Source code for XLEMOO.tree_interpreter

from tkinter.tix import Tree
import numpy as np
import sklearn

from typing import TypedDict, List, Tuple


[docs]class TreePath(TypedDict):
    """A custom type describing a typed dictionary to store tree paths.

    Args:
        rules (List): A list with each entry containing three elements:
            1. feature index (int); 2. comparison operator (str), either 'gte' (greater or equal) or 'lt' (less than);
            3. threshold value (float).
        samples (int): The number of samples that reached the endpoint of the path.
        impurity (float): Impurity of the last node of the path.
        classification (int): The final classification predicted by the path.

    """

    rules: List
    samples: int
    impurity: float
    classification: int


[docs]def find_all_paths(tree: "sklearn.tree") -> List[TreePath]:
    """
    Find and return all decision paths of a decision tree.
    Currently supports only decision trees in the style present in the sklearn package.

    Args:
        tree (sklearn.tree): A trained decision tree.

    Returns:
        List[TreePath]: A list of all the paths of the decision tree.

    """
    paths: List[TreePath] = []

    def traverse_tree(tree: "sklearn.tree", rules: list, node_id: int) -> None:
        """A recursive function to traverse a tree and find each of the tree's paths.
        Saves the path in a list names 'paths' (this list must be come from an outside scope of the function.)

        Args:
            tree (sklearn.tree): a trained decision tree.
            rules (list): the rules-entry of a TreePath.
            node_id (int): the node id of the currently traversed node.

        """
        # check if current node is a leaf, if true, do not recurse
        if tree.tree_.children_left[node_id] == tree.tree_.children_right[node_id]:
            # find classificaiton
            classification = tree.classes_[np.argmax(tree.tree_.value[node_id])]
            entry = {}
            entry["rules"] = rules
            entry["samples"] = tree.tree_.weighted_n_node_samples[node_id]
            entry["impurity"] = tree.tree_.impurity[node_id]
            entry["classification"] = classification

            entry: TreePath = entry
            paths.append(entry)

        # is root? if root, then new path begins
        elif node_id == 0:
            threshold = tree.tree_.threshold[node_id]
            feature = tree.tree_.feature[node_id]
            rule_left = [feature, "lte", threshold]
            rule_right = [feature, "gt", threshold]

            left_id = tree.tree_.children_left[node_id]
            right_id = tree.tree_.children_right[node_id]

            # go left and right
            left_rules = [rule_left]
            right_rules = [rule_right]

            traverse_tree(tree, left_rules, left_id)
            traverse_tree(tree, right_rules, right_id)

        # we have a node
        else:
            threshold = tree.tree_.threshold[node_id]
            feature = tree.tree_.feature[node_id]
            rule_left = [feature, "lte", threshold]
            rule_right = [feature, "gt", threshold]

            left_id = tree.tree_.children_left[node_id]
            right_id = tree.tree_.children_right[node_id]

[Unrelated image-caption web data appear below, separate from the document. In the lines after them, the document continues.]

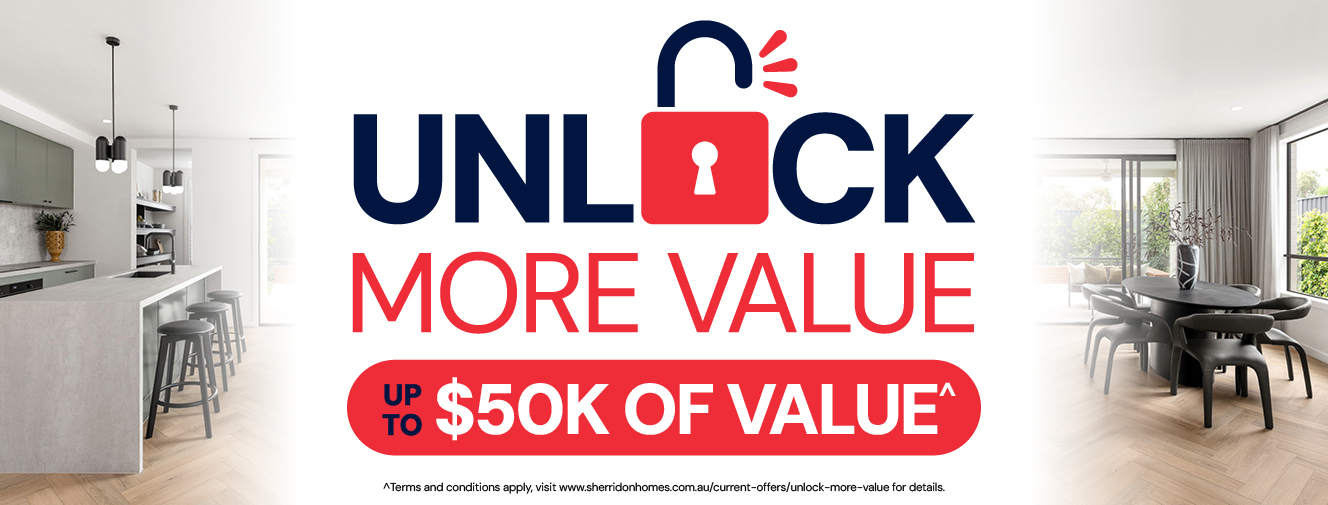 SHEH27393 SH Promo Unlock More Value Website Banner 1328x505px FA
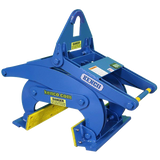 Kenco Barrier Lift (KL16K4T12V4)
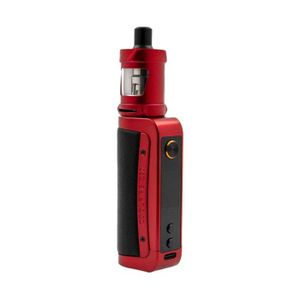 Kit e-cigarette - Cdiscount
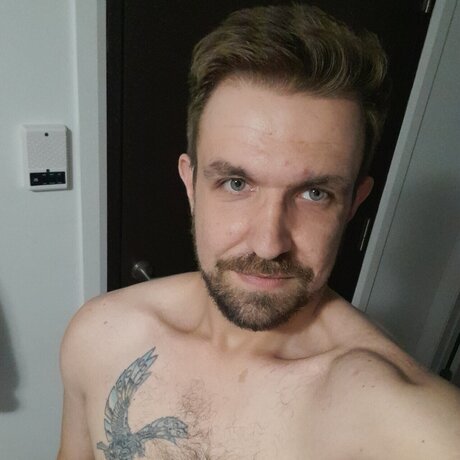 Thesexygamer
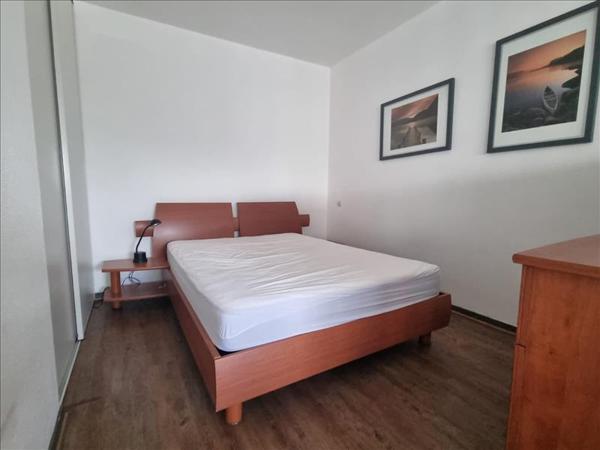 Appartement à louer |  TALENCE |  1 pièce | 37 m²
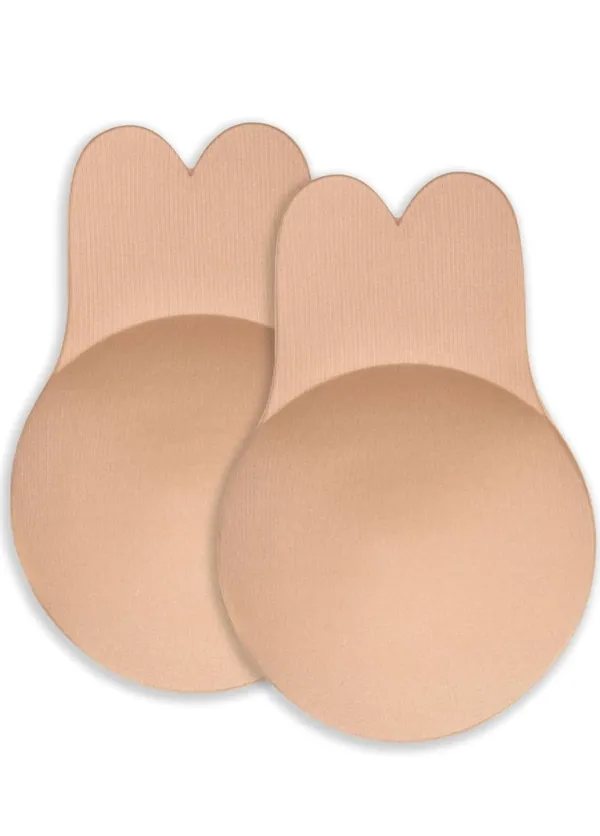Beige_Bunny_Ups_Adhesive_Backless_Invisible_Push_Up_Bra_For_Women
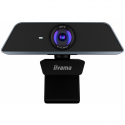 Webcam 4K IIYAMA CAM120UL-1 UC (CAM120UL-1)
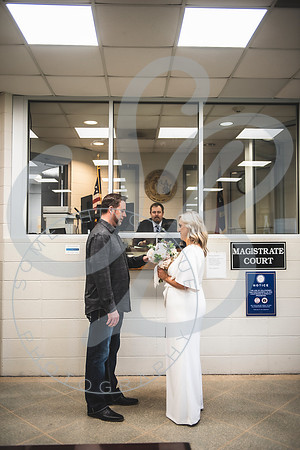 Pam & Jason - Elopement_032323_0064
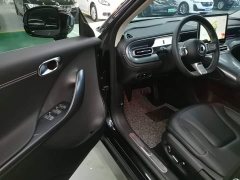 smart#1 Pro Edition - ფოტო 16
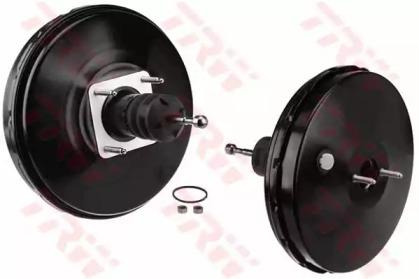 TRW PSA954 Підсилювач гальм вакуумний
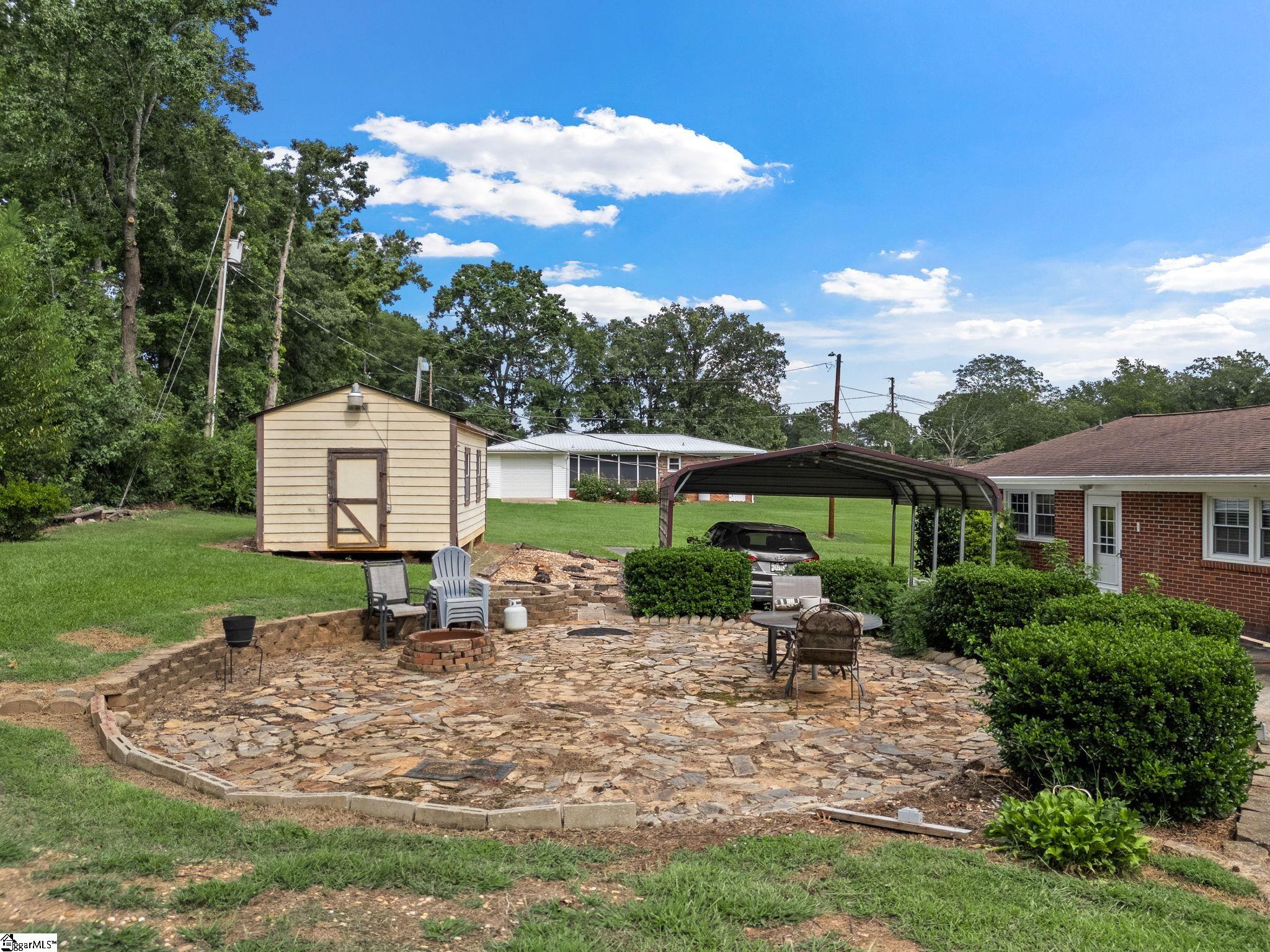 808 Primrose Lane Property Photo 34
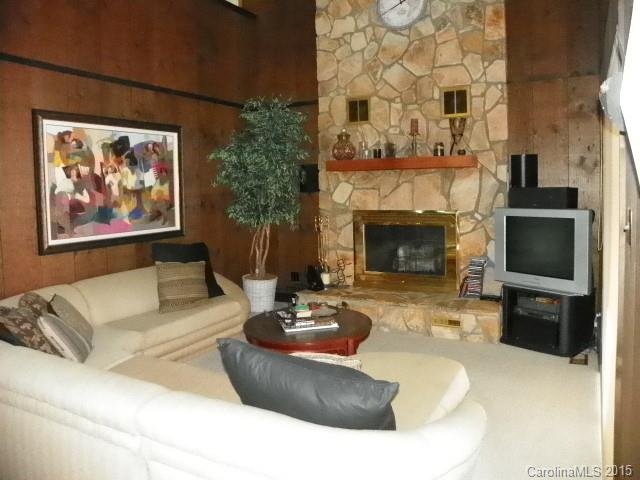 Property image 5 at 1086 Pinehaven Drive, New London, NC 28127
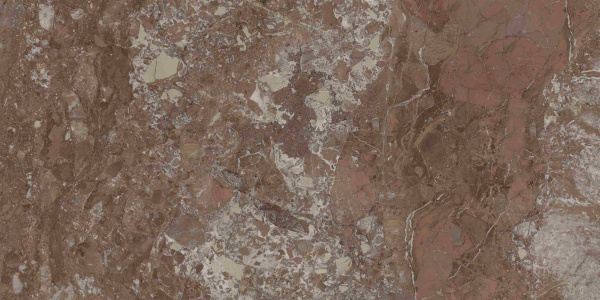SG572892R_80х160_5_15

            left_rules = rules + [rule_left]
            right_rules = rules + [rule_right]

            traverse_tree(tree, left_rules, left_id)
            traverse_tree(tree, right_rules, right_id)

    traverse_tree(tree, [], 0)

    return paths


[docs]def instantiate_tree_rules(
    paths: List[TreePath],
    n_features: int,
    feature_limits: List[Tuple[float, float]],
    n_samples: int,
    desired_classification: int,
) -> np.ndarray:
    """Given a list of TreePaths, instantiates a number of new samples that adhere to the rules and results in a
    specified classification if classified by a tree from which the TreePaths have been generated.

    Args:
        paths (List[TreePath]): see description in the docstring of 'find_all_paths'
        n_features (int): number of input features.
        feature_limits (List[Tuple[float, float]]): the lower and upper limits of each input feature.
        n_samples (int): number of new samples to be instantiated for each path.
        desired_classification (int): the classification each considered path should end up to.

    Returns:
        np.ndarray: a 3D numpy array. The first dimension is the number of paths
        in paths that result in the desired classification. The second
        dimension if the number of desired samples. The third dimension are
        the instantiated feature values. If no rule has been specified in a
        path for some feature, that feature's value is set to be a random
        value residing between its limits.

    """
    # find out how many of the paths have the desired classification
    n_matching_paths = sum(
        [1 if p["classification"] == desired_classification else 0 for p in paths]
    )

    if n_matching_paths == 0:
        # no paths found with desired classification, return empty array
        return np.atleast_3d([])

    # for each path, create an array with n_features and set each element according to the bounds
    limits = np.array(feature_limits)
    instantiated = np.atleast_3d(
        np.random.uniform(
            limits[:, 0], limits[:, 1], (n_matching_paths, n_samples, n_features)
        )
    )

    # for each path with the desired classification, start populating an array of NaN with attributes according to the rules
    path_i = 0
    for p in paths:
        if p["classification"] == desired_classification:
            for rule in p["rules"]:
                # features are 1-indexed, henche, -1
                feature = rule[0]
                comp = rule[1]
                threshold = rule[2]

                # set the attributes according to the rule and according to the feature limits
                instantiated[path_i, :, feature] = (
                    np.random.uniform(threshold, feature_limits[feature][1], n_samples)
                    if comp == "gt"
                    else np.random.uniform(
                        feature_limits[feature][0], threshold, n_samples
                    )
                )

            path_i += 1

    # return the as many arrays required by n_samples
    return instantiated